E os seres humanos? São assim também tão adestráveis? Se aos cães falta-lhes capacidade de reflexão e autodeterminação para escaparem da sina que lhes é impingida, parece que os humanos não são muito diferentes. O aforismo “dividir para dominar”, aplicado pelos impérios para conquistar suas colônias, mostra a força do condicionamento que faz irmãos se odiarem e se matarem, abrindo livre caminho para os invasores. Tem sido assim em todos os impérios coloniais, na Ásia, na África, na América Latina. Até na Europa e América do Norte conhecem-se as históricas manipulações que incitaram o ódio entre religiões, raças e castas, atiçando guerras, perseguições, fanatismos e atentados.

Nós, seres humanos, não somos tão racionais quanto julgamos ser. Desdenhamos a irracionalidade que nos faz reagir como cães raivosos. E os adestradores de humanos, usando recursos sofisticados, fazem de nós o que bem querem: ou nos amansam submissos, ou nos fazem odiar até nossos irmãos, compadres e vizinhos.

Vejo isso no Brasil hoje. O ódio está sendo fomentado e as pessoas não têm discernimento sufoiciente para perceber que estão sendo treinadas para reações violentas, descabidas: o velho conservador odeia a jovem progressista; o policial odeia a professora grevista; o cristão católico odeia o cristão evangélico; o branco da zona sul odeia o negro do morro; a dona de casa de verde e amarelo odeia o pai de família de vermelho; o taxista odeia o uberista; o porteiro do prédio passa a odiar o antes amado compositor popular; os torcedores dos times rivais sempre se hostilizaram, mas agora se odeiam; a professora grevista também odeia o policial; a jovem progressista odeia o velho conservador; até um adesivo no vidro do carro com opinião desperta ódio.

Entre os humanos, sempre houve aquela parcela mais próxima dos cães, que é mais fácil de adestrar e de incitar ao ódio, para semear o ambiente de rinha. Tanta raiva ainda não conseguiu fazer que despertássemos para o fato que estamos sendo doutrinados para o ódio, para nos debilitarmos e autodestruirmos. Uma guerra ideológica que só interessa a quem quer ver-nos sempre como o país do futuro, a colônia do passado e do eterno presente.

Mas, felizmente, se por um lado desdenhamos nossa canina herança irracional e manipulável, por outro já temos sim alguma racionalidade.
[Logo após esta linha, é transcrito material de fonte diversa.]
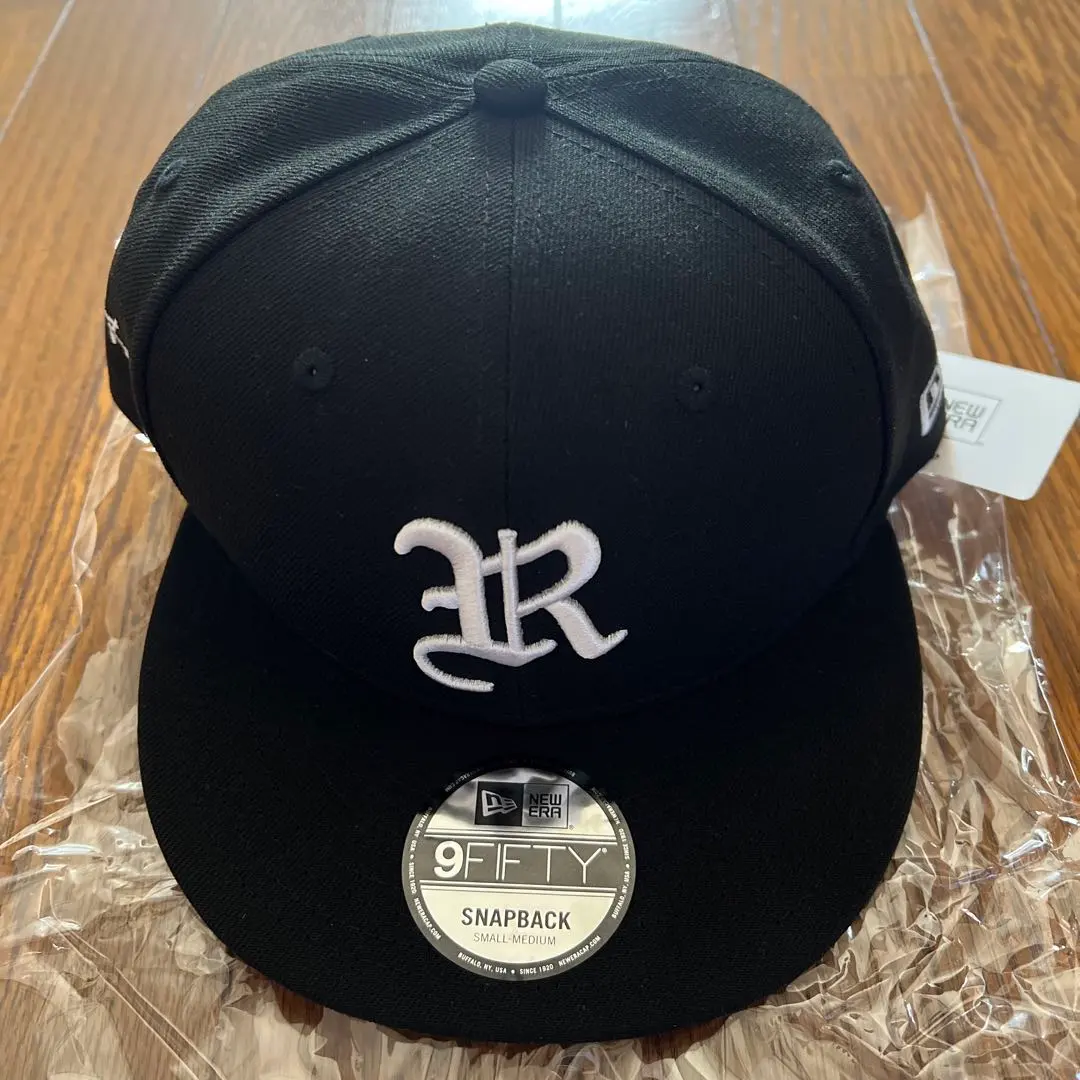 2026年最新】riehata × atmos pink × neweraの人気アイテム - メルカリ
É o “eu superior” que já viceja em nós. Já somos capazes de refletir, de compreender e de escolher por nós mesmos quem somos: se sujeitos controlados pelos reflexos condicionados, ou se indivíduos lúcidos e livres.

Não é tarefa fácil libertar-se do condicionamento que nos domina no dia a dia, pela TV, rádio, jornais, revistas, cinema e agora as poderosas mídias sociais. Mas se não formos capazes de exercer nossa racionalidade, e nossos sentimentos e solidariedade, para neutralizarmos o perverso adestramento que nos é imposto, logo estaremos banalizando nas ruas a mesma sangrenta violência das rinhas, que hipocritamente declaramos foras da lei.